L-[methyl- 11C]-methionine ( 11C-MET) predicted glioma prognosis and appeared to outperform 18F-FDG PET and MRI in predicting survival in low-grade gliomas (LGGs), according to a study published online Oct. 10 in The Journal of Nuclear Medicine.
Current strategies for determining tumor grade and prognosis in gliomas are problematic. Invasive histopathologic exams can be prone to sampling error and cannot be repeated frequently. MRI findings are not specific. Although 18F-FDG PET overcomes some limitations of other approaches, its uptake is high in normal brain cortex and low in LGGs.
“ 11C-MET has an advantage for imaging gliomas because, unlike 18F-FDG PET, it has low normal cortical uptake and high uptake in LGGs, enabling tumor visualization and treatment planning,” wrote Tarun Singhal, MD, from Partners Neurology Program at Massachusetts General Hospital in Boston, and colleagues.
Singhal and colleagues conducted a retrospective comparison of the relative grading and prognostic value of 11C-MET PET, 18F-FDG PET and contrast enhancement on MRI in patients with gliomas. The researchers reviewed imaging data for 102 patients with histologically confirmed gliomas who underwent MRI, 11C-MET PET and 18F-FDG PET between 1998 and 2006 at Kettering Medical Center in Dayton, Ohio. All patients underwent the three exams on the same day.
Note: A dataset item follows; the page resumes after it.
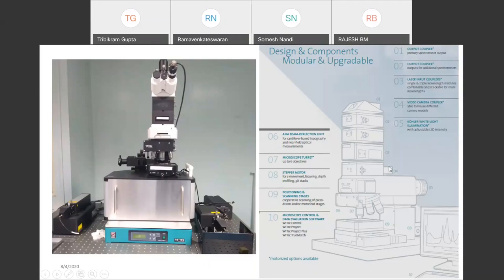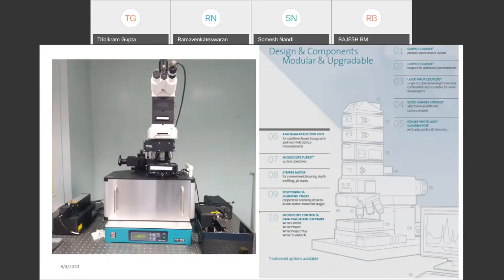Number four is the video camera coupler so the microscope can be focused. Number five is white light illumination, which can be focused on the sample so it is properly focused before allowing the laser light to fall on it. Number seven is the microscope turret with different magnifying lenses: 10x, 20x, 40x, 50x, for magnifying images of the sample surface. There is a piezoelectric scanning stage that allows us to align the sample and move along the three axes — X, Y, and Z. This is the sample stage with a stepper motor attached, which can be moved along the three axes using a remote.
The researchers reported increasing tumor to mean standardized uptake value in contralateral normal cortex (T/N ratio) with increasing tumor grade for PET exams with both tracers. These were higher in high-grade gliomas (HGGs) than in LGGs for both 11C-MET PET and 18F-FDG PET.
“The median survival was 19 +/- 5.4 months for all patients with a mean T/N ratio greater than 1.51 for 11C-MET PET and 26.7 months for those with a mean T/N ratio less than 1.51,” wrote Singhal et al.
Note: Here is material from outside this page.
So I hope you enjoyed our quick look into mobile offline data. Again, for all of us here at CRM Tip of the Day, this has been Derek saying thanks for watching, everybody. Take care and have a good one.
On 18F-FDG PET, median survival was 19 +/- 4.19 months in patients with a mean T/N ratio greater than 0.51 and significantly lower than the median survival in those with a T/N ratio less than 0.51.
MRI contrast enhancement did not predict survival, according to the researchers. However, 18F-FDG PET predicted survival in patients with MRI contrast enhancement, and 11C-MET PET predicted survival in patients without contrast enhancement. For patients with MRI contrast enhancement, median survival was 47 months for those with a mean T/N ratio greater than 0.51 on 18F-FDG PET and 17 months for patients with a ratio less than 0.51. For patients without MRI contrast enhancement, median survival was 12 months in patients with a T/N ratio greater than 1.51 on 11C-MET PET, which was significantly lower than that of patients with a T/N ratio less than 1.51.
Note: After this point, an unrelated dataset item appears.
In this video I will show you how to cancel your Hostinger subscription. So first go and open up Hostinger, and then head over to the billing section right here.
The prognostic information provided by 11C-MET PET and 18F-FDG PET “is clinically significant,” Singhal and colleagues wrote. The tracers complement each other and deliver differing value in contrast-enhanced and unenhanced lesions, a finding that supports the practice of scanning patients with both tracers on the same day, according to the authors.
Singhal and colleagues called for future studies to incorporate 11C-MET PET and 18F-FDG PET findings in the prognostic schemata for glioma patients. These should include a prospective randomized controlled trial that compares patients with LGGs treated according to 11C-MET PET uptake criteria with a control arm of patients undergoing conventional management.